Captioned web image data:
+ + + + + + +
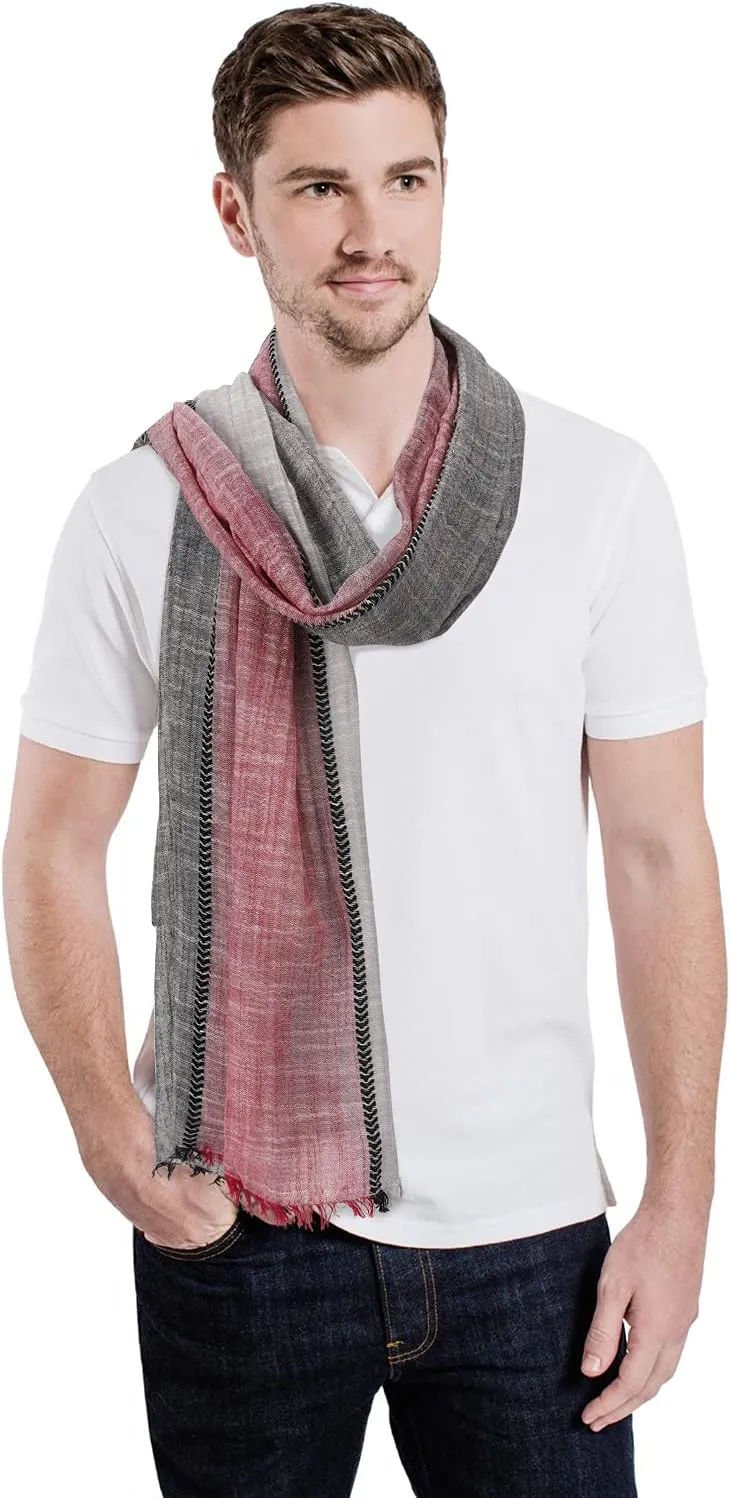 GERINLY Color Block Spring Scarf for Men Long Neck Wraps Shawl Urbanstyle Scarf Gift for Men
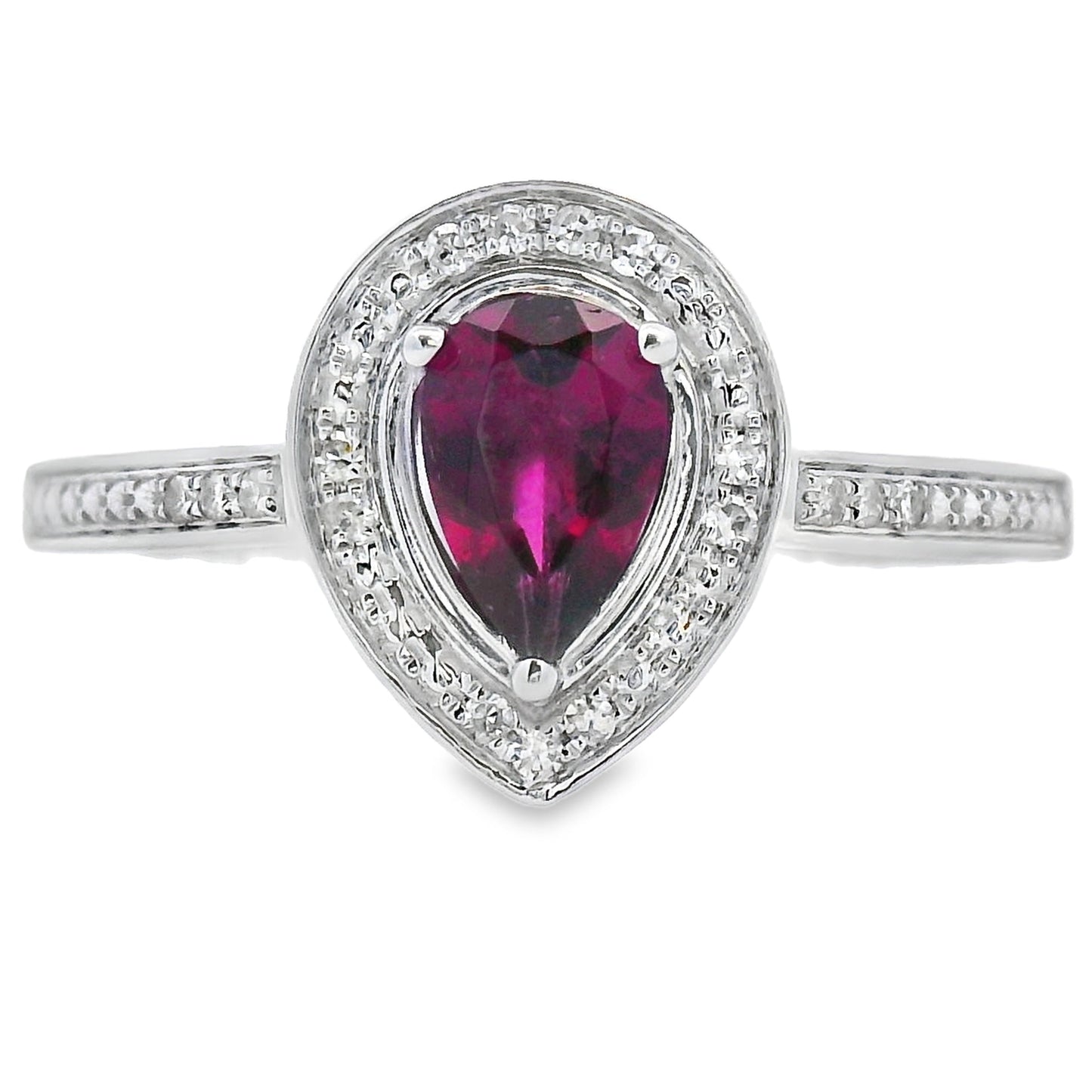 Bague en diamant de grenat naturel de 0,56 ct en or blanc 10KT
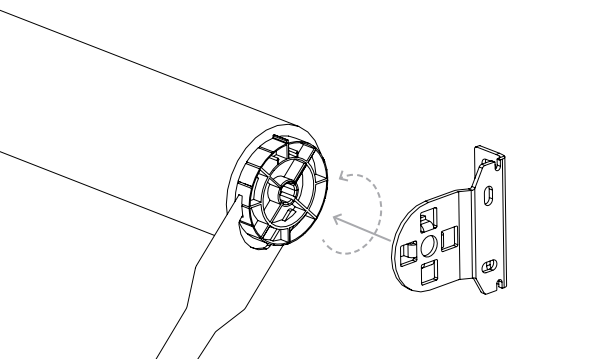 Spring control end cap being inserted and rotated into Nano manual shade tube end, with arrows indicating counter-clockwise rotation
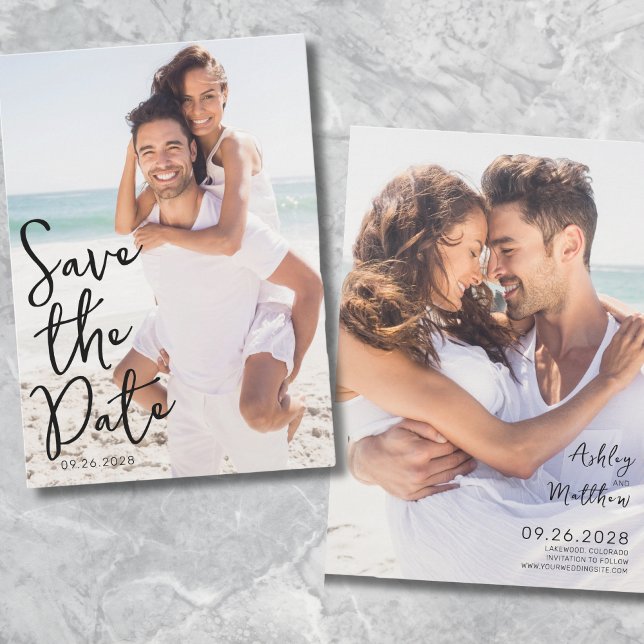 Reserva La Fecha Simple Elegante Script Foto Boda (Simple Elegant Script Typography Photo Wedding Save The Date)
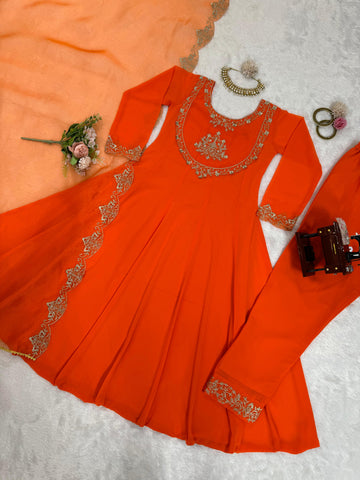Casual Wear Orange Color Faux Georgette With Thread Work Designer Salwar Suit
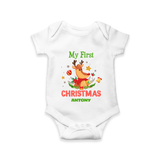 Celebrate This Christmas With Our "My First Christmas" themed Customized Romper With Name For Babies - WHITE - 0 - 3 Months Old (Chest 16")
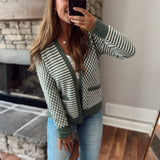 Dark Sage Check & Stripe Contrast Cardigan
+ + + + + + +
I'd like the records above given again exactly, please, without the pictures.

Completed exercise:
 GERINLY Color Block Spring Scarf for Men Long Neck Wraps Shawl Urbanstyle Scarf Gift for Men
 Bague en diamant de grenat naturel de 0,56 ct en or blanc 10KT
 Spring control end cap being inserted and rotated into Nano manual shade tube end, with arrows indicating counter-clockwise rotation
 Reserva La Fecha Simple Elegante Script Foto Boda (Simple Elegant Script Typography Photo Wedding Save The Date)
Casual Wear Orange Color Faux Georgette With Thread Work Designer Salwar Suit
 Celebrate This Christmas With Our "My First Christmas" themed Customized Romper With Name For Babies - WHITE - 0 - 3 Months Old (Chest 16")
 Dark Sage Check & Stripe Contrast Cardigan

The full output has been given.